EXERCISE DESCRIPTION –
Transcribe each record as written.

Caption-style text data
=== Section Start ===

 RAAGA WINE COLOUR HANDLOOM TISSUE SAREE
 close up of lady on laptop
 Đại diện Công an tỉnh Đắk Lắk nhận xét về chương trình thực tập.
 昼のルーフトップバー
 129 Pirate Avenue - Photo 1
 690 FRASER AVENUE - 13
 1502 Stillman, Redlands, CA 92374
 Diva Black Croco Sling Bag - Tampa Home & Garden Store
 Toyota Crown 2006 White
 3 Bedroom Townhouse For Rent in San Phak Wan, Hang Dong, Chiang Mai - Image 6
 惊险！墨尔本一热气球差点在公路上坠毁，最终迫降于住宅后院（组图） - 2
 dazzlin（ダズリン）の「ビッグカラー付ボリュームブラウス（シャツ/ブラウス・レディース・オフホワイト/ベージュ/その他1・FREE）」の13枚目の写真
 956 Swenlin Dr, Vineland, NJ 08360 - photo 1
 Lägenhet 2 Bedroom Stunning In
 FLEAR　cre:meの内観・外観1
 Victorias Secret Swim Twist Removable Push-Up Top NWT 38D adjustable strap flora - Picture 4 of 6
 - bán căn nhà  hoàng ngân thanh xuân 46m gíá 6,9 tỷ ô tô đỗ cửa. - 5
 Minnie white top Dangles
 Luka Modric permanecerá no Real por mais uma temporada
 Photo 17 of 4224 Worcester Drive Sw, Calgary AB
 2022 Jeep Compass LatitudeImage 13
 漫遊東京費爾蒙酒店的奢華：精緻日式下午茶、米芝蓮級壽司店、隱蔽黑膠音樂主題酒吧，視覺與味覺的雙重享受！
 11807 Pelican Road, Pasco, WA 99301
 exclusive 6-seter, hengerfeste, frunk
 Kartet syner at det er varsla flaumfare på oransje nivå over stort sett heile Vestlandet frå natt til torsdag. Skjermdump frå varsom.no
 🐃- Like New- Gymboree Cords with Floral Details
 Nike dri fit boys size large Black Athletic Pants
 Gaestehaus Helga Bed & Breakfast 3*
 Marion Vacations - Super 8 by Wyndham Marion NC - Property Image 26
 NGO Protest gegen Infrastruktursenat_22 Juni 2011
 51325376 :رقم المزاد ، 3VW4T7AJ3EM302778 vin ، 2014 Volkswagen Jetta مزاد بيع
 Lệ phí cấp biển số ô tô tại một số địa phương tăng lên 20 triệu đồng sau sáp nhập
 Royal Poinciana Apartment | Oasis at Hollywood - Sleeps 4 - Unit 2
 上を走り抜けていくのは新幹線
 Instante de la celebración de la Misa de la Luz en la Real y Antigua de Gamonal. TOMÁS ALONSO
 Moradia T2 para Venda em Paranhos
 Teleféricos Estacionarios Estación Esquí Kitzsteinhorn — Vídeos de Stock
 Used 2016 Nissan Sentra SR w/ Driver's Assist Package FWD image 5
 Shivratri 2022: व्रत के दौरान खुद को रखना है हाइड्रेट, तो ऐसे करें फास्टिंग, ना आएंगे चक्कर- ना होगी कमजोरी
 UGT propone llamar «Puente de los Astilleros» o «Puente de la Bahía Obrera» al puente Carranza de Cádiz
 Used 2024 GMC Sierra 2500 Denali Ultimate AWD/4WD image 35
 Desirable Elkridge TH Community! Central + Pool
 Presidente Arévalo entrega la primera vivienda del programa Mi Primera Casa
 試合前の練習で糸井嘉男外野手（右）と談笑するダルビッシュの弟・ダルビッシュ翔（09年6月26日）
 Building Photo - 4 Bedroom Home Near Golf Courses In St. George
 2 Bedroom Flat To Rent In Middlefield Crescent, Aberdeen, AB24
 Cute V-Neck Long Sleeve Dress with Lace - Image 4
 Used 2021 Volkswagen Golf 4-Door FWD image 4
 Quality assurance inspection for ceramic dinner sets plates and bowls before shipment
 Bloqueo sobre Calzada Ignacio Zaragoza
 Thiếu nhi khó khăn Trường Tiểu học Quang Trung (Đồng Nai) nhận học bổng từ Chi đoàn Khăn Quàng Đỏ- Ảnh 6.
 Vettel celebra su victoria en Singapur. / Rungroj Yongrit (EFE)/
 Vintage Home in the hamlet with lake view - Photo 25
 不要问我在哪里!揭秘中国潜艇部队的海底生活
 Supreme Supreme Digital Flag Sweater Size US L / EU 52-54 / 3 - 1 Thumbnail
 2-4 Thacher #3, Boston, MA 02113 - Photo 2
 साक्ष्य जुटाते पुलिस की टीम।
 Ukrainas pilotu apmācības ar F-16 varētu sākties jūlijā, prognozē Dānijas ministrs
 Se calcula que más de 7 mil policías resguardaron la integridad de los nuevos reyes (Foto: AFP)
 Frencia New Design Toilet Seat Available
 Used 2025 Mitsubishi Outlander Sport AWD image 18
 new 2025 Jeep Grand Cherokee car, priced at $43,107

=== Section End ===

ANSWER BOX –
 RAAGA WINE COLOUR HANDLOOM TISSUE SAREE
 close up of lady on laptop
 Đại diện Công an tỉnh Đắk Lắk nhận xét về chương trình thực tập.
 昼のルーフトップバー
 129 Pirate Avenue - Photo 1
 690 FRASER AVENUE - 13
 1502 Stillman, Redlands, CA 92374
 Diva Black Croco Sling Bag - Tampa Home & Garden Store
 Toyota Crown 2006 White
 3 Bedroom Townhouse For Rent in San Phak Wan, Hang Dong, Chiang Mai - Image 6
 惊险！墨尔本一热气球差点在公路上坠毁，最终迫降于住宅后院（组图） - 2
 dazzlin（ダズリン）の「ビッグカラー付ボリュームブラウス（シャツ/ブラウス・レディース・オフホワイト/ベージュ/その他1・FREE）」の13枚目の写真
 956 Swenlin Dr, Vineland, NJ 08360 - photo 1
 Lägenhet 2 Bedroom Stunning In
 FLEAR　cre:meの内観・外観1
 Victorias Secret Swim Twist Removable Push-Up Top NWT 38D adjustable strap flora - Picture 4 of 6
 - bán căn nhà  hoàng ngân thanh xuân 46m gíá 6,9 tỷ ô tô đỗ cửa. - 5
 Minnie white top Dangles
 Luka Modric permanecerá no Real por mais uma temporada
 Photo 17 of 4224 Worcester Drive Sw, Calgary AB
 2022 Jeep Compass LatitudeImage 13
 漫遊東京費爾蒙酒店的奢華：精緻日式下午茶、米芝蓮級壽司店、隱蔽黑膠音樂主題酒吧，視覺與味覺的雙重享受！
 11807 Pelican Road, Pasco, WA 99301
 exclusive 6-seter, hengerfeste, frunk
 Kartet syner at det er varsla flaumfare på oransje nivå over stort sett heile Vestlandet frå natt til torsdag. Skjermdump frå varsom.no
 🐃- Like New- Gymboree Cords with Floral Details
 Nike dri fit boys size large Black Athletic Pants
 Gaestehaus Helga Bed & Breakfast 3*
 Marion Vacations - Super 8 by Wyndham Marion NC - Property Image 26
 NGO Protest gegen Infrastruktursenat_22 Juni 2011
 51325376 :رقم المزاد ، 3VW4T7AJ3EM302778 vin ، 2014 Volkswagen Jetta مزاد بيع
 Lệ phí cấp biển số ô tô tại một số địa phương tăng lên 20 triệu đồng sau sáp nhập
 Royal Poinciana Apartment | Oasis at Hollywood - Sleeps 4 - Unit 2
 上を走り抜けていくのは新幹線
 Instante de la celebración de la Misa de la Luz en la Real y Antigua de Gamonal. TOMÁS ALONSO
 Moradia T2 para Venda em Paranhos
 Teleféricos Estacionarios Estación Esquí Kitzsteinhorn — Vídeos de Stock
 Used 2016 Nissan Sentra SR w/ Driver's Assist Package FWD image 5
 Shivratri 2022: व्रत के दौरान खुद को रखना है हाइड्रेट, तो ऐसे करें फास्टिंग, ना आएंगे चक्कर- ना होगी कमजोरी
 UGT propone llamar «Puente de los Astilleros» o «Puente de la Bahía Obrera» al puente Carranza de Cádiz
 Used 2024 GMC Sierra 2500 Denali Ultimate AWD/4WD image 35
 Desirable Elkridge TH Community! Central + Pool
 Presidente Arévalo entrega la primera vivienda del programa Mi Primera Casa
 試合前の練習で糸井嘉男外野手（右）と談笑するダルビッシュの弟・ダルビッシュ翔（09年6月26日）
 Building Photo - 4 Bedroom Home Near Golf Courses In St. George
 2 Bedroom Flat To Rent In Middlefield Crescent, Aberdeen, AB24
 Cute V-Neck Long Sleeve Dress with Lace - Image 4
 Used 2021 Volkswagen Golf 4-Door FWD image 4
 Quality assurance inspection for ceramic dinner sets plates and bowls before shipment
 Bloqueo sobre Calzada Ignacio Zaragoza
 Thiếu nhi khó khăn Trường Tiểu học Quang Trung (Đồng Nai) nhận học bổng từ Chi đoàn Khăn Quàng Đỏ- Ảnh 6.
 Vettel celebra su victoria en Singapur. / Rungroj Yongrit (EFE)/
 Vintage Home in the hamlet with lake view - Photo 25
 不要问我在哪里!揭秘中国潜艇部队的海底生活
 Supreme Supreme Digital Flag Sweater Size US L / EU 52-54 / 3 - 1 Thumbnail
 2-4 Thacher #3, Boston, MA 02113 - Photo 2
 साक्ष्य जुटाते पुलिस की टीम।
 Ukrainas pilotu apmācības ar F-16 varētu sākties jūlijā, prognozē Dānijas ministrs
 Se calcula que más de 7 mil policías resguardaron la integridad de los nuevos reyes (Foto: AFP)
 Frencia New Design Toilet Seat Available
 Used 2025 Mitsubishi Outlander Sport AWD image 18
 new 2025 Jeep Grand Cherokee car, priced at $43,107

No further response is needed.